And in his words, a true Appalachian American specimen.
We'll find out what he means about that in a minute.
His stories are filled with amazing renditions and things that he did in adventures growing up on the river, right here in Appalachia.
And you are in for a treat.
Charles, welcome to Write Around The Corner .
-Thank you very much.
-You have so many great stories filled in these books.
I can't wait to dig into some of these.
And I've got to tell you, after reading these books, Charles, like I told you before we started, and we'll get to that, I am really surprised that you are still alive, growing up.
But first of all, what is a true Appalachian American?
Why are you that great specimen?
-I think I'm a true Appalachian American because of the way I was raised.
My father and uncles, you know, kinda lived through the Depression, were drafted, went off into the Navy.
And all of 'em returned home.
And they were kinda dedicated to reliving the lifestyle they had.
So, though I didn't do the war, and didn't do the Depression, I got to experience what they saw.
And by that, I mean, you raised it, you ate it.
You created your own entertainment.
You did whatever your life threw at you.
And New River, for them, was kinda center of everything.
That, and a little 30-acre farm that they all lived on and kinda shared.
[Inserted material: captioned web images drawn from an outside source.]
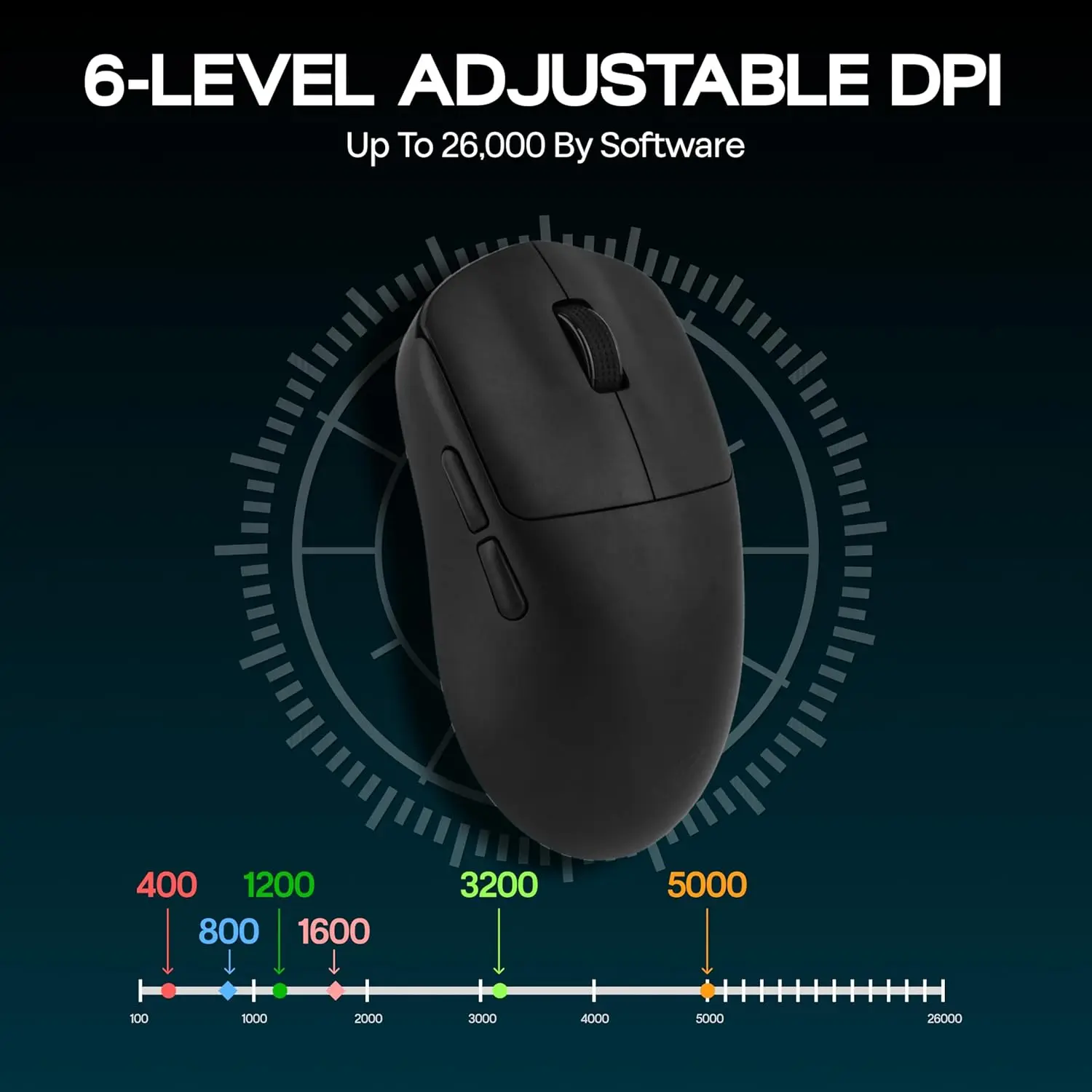 Mysz gamingowa AULA SC800 USB- – Gaming Console Buttons recenzja i cena
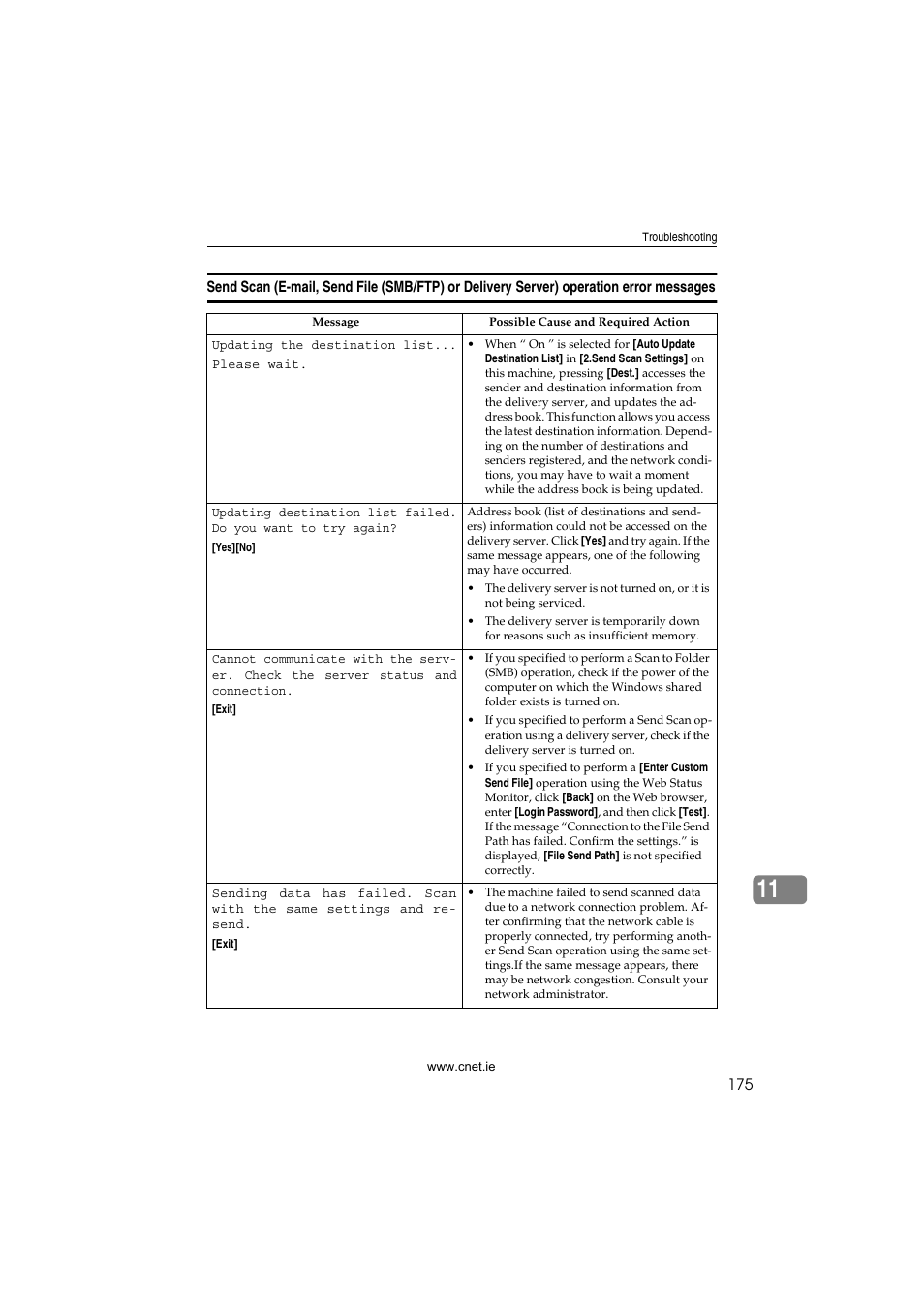 Operation error messages | CNET ecopy Printer/Fax/Scanner/Copier User Manual | Page 183 / 222
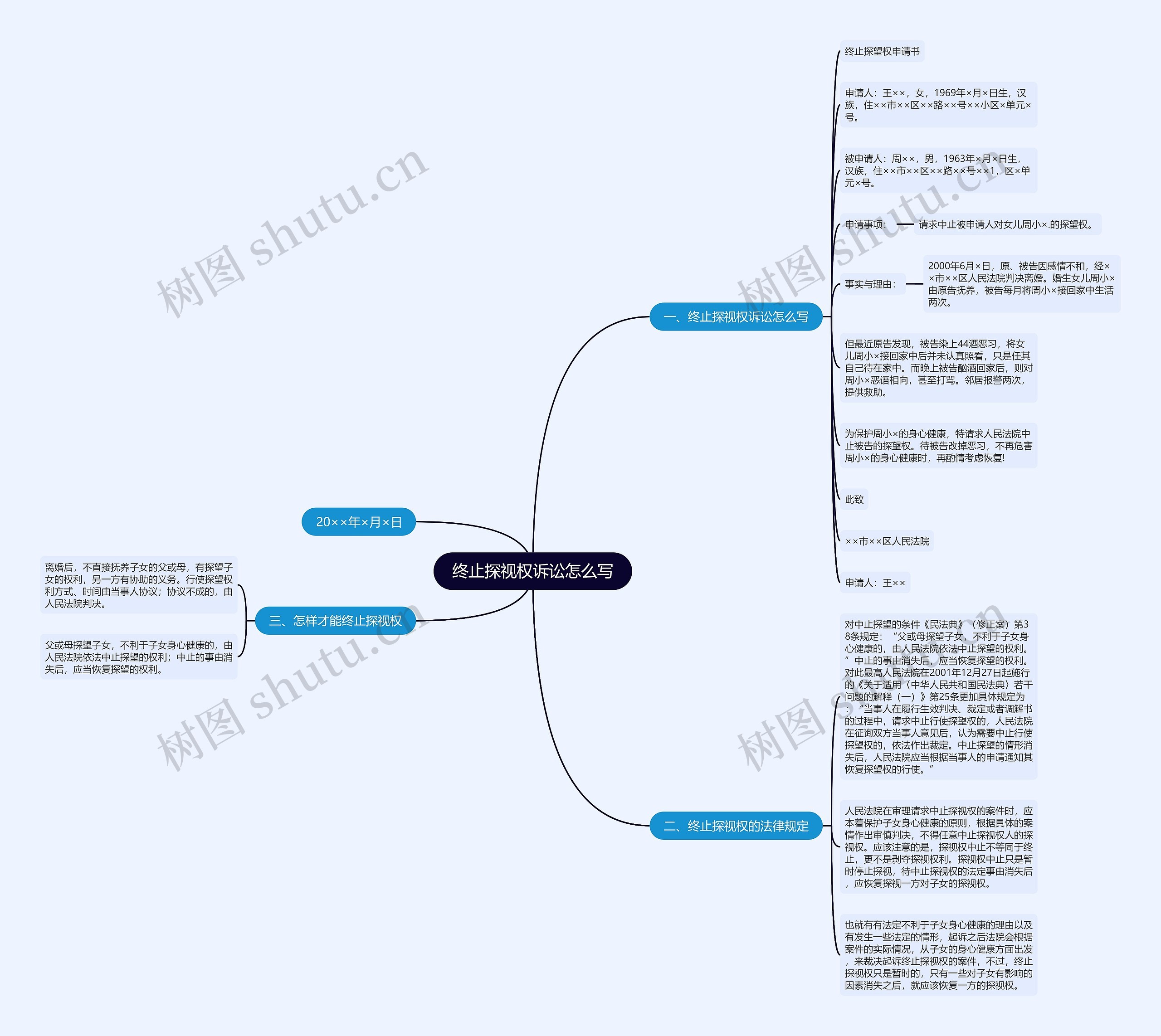 终止探视权诉讼怎么写思维导图
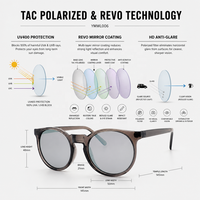 Lunettes de soleil polarisées rondes tendance pour femmes, monture transparente marron en PC, protection UV400 TAC, lunettes de soleil rétro pour le voyage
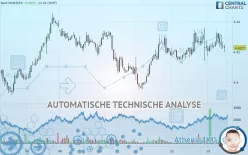 NZD/DKK - 1 uur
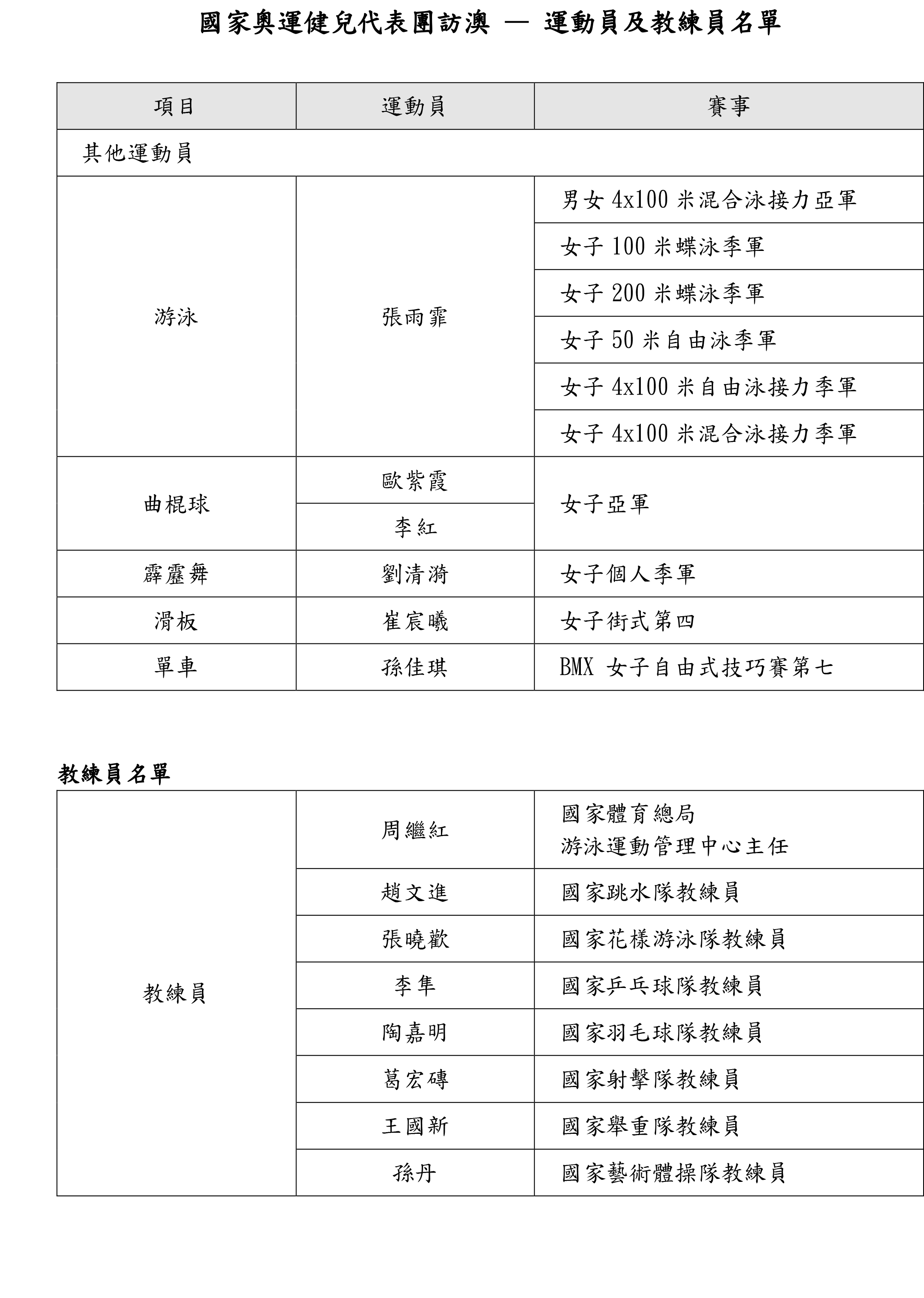 奥门天天开奖码结果2024澳门开奖记录4月9日,实地验证数据计划_Harmony款29.182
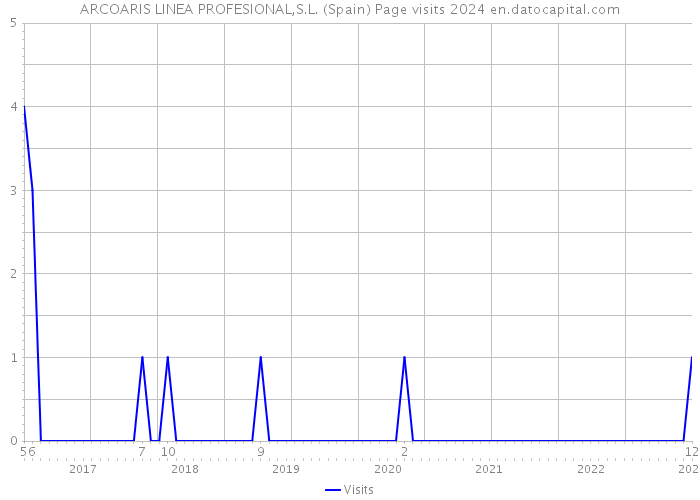 ARCOARIS LINEA PROFESIONAL,S.L. (Spain) Page visits 2024 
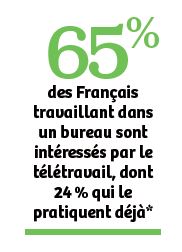 65% des Français travaillant dans un bureau sont intéressés par le télétravail, dont 24 % qui le pratiquent déjà*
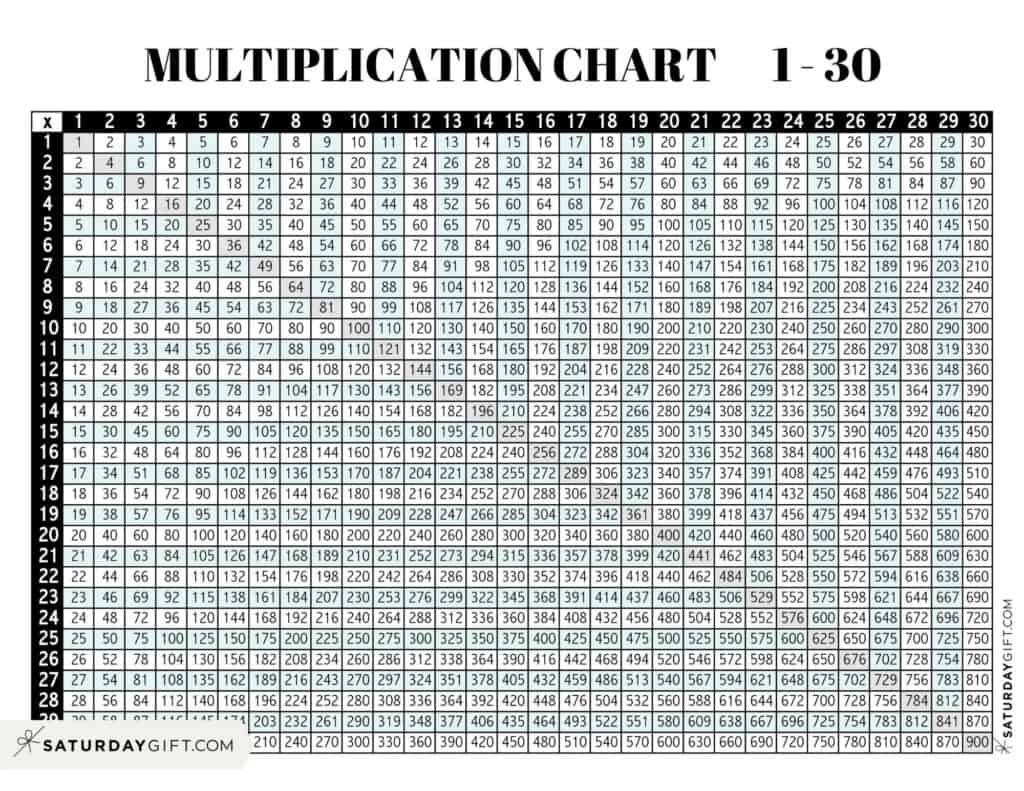 Multiplication Chart 1 To 30 Cute Free Printable Grids SaturdayGift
Appalachian lifestyle that you read about in a lot of books was just the lifestyle I lived.
-And it sounds like it was absolutely wonderful.
What are some of the first earliest memories?
-You know, we had, and there's houses on the river bottom now.
But the first memories were going to the river bottom to chop corn and hoe beans.
And my biggest dream, when I was a little boy that ever was, was to be able to run the two-horse wagon down the old road.
The old road that was used back during the Civil War to the river, to pull corn back to the house.
My uncle was telling me I'd never be old enough or comfortable enough to run the wagon to the river.
And by the time I was, the road was gone, cornfields were gone, and had to move on.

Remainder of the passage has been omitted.